After a brief pause in his travel schedule to bond with Bill Gates over being rich college dropouts and announce that he and Priscilla were having another baby girl, Zuckerberg’s excellent public relations adventure is back! This time he’s bopping around the Carolinas for what appears to be a week dedicated to diversity.
On Sunday, the Facebook CEO sat in on a service at Mother Emanuel AME church, where two years ago a white supremacist opened fire at a Bible study and murdered nine of its black members. In a subsequent Facebook post that included professional photos from the visit, he praised the institution for all the work it had done to maintain a calm and compassionate environment, rather than “erupt with racial tension.” On the surface, Zuckerberg’s appearance (and ultra-public journaling) is an admirable attempt to highlight the ways that a community in pain can work together to heal. But when you’re a famous CEO with corporate (and possibly political) interests at heart, nothing is so innocent. Just a month ago, a coalition of more than 70 civil rights groups sent a letter to Zuckerberg accusing his platform of censoring Black Lives Matters posts while allowing white supremacists to spread violent threats. Zuckerberg’s visit isn’t as shamelessly political as, say, Trump touring the National Museum of African American History and Culture with his one black friend. But nothing is a coincidence when you’ve got a team of public relations professionals whose job it is to improve your image.
Photo-ops aside, if any moment of Zuckerberg’s latest road trip hinted at an audition for public office, it was the town hall he was a featured speaker for at North Carolina Agricultural & Technical State University on Monday. For years now, Zuckerberg has been lobbed softball after softball at his own town halls, livestreamed for all to see from his company’s Menlo Park mothership. But Monday he graduated to a new, challenging tier: taking questions in front of a mostly black audience of college students just a few months after Donald Trump was elected president. On top of all of that, the event was Facebook Live’d to an audience of over 3.1 million people.

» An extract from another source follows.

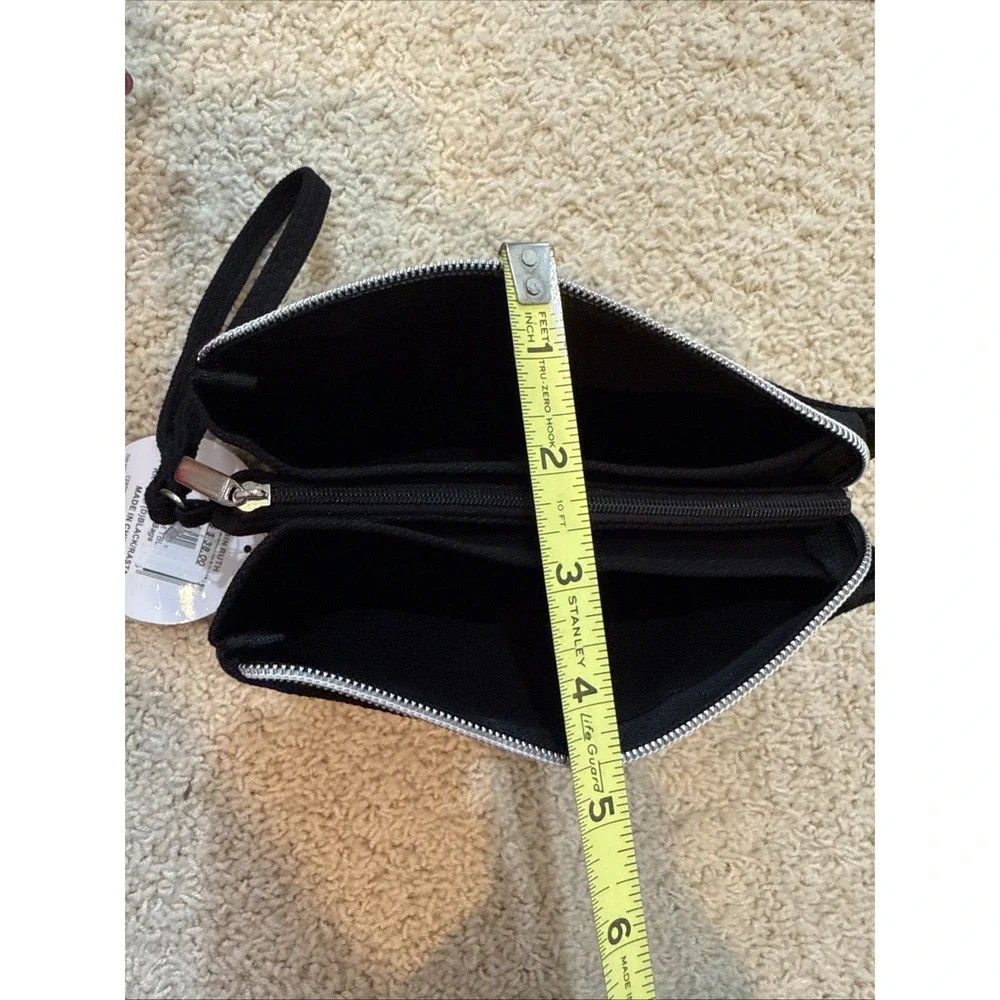 Robin Ruth Original Jamaica Wristlet Bag Zippered Strap Pockets Travel‎ Purse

How’d he do? Eh. Even if Zuckerberg has improved the way he communicates about Facebook, he still has a long way to go before the world actually sees him as a person who knows about other regular life things. His introduction was visibly self-conscious — both in the content of his remarks, and his general Axolotl lizard–like expression as he stood fidgeting at the center the room. After opening with a bland remark about the quality of North Carolina’s brass bands (“I was told that was a thing”), he implored the crowd to cheer for “Aggie pride” and admitted after doing so that he had pronounced the phrase with “the worst accent that anyone who has ever said that.”
In answering the students’ questions — which ranged from addressing fake news to the necessity of a bachelor’s degree — it was clear that he’d at least mastered the art of redirection. When the discussion steered toward improving the quality of conversation on Facebook, he often fell back on phrases like “We need to do better” and “That’s something we’re working on,” without offering many specifics. His one attempt at charming the audience was going on about how his daughter, Max, had recently pooped on him during a bath.
Even when the content of an answer was on point, his tone was often just a tad overexcited. When one student asked how he felt about people using Facebook Live to document interactions with the police, he replied, “I feel great!” Seeming to realize the implication of violence, he pulled back and clarified: “If we’re not going to give them body cameras, we’ll give everyone a live camera.” (A line that earned him a real round of applause at the event.) Perhaps the most ill-advised movement was when he voluntarily brought up Facebook board member and prominent Trump supporter Peter Thiel as an example of “ideological diversity.”
No matter his stumblings, the event itself was an impressive demonstration of good will. Not to mention excellent practice for a potentially larger national stage. Let’s hope he gets in a couple more of them before he heads to prime time. If he ended this summit by admitting his audience “had some pretty hard questions,” just wait until Jake Tapper gets to him.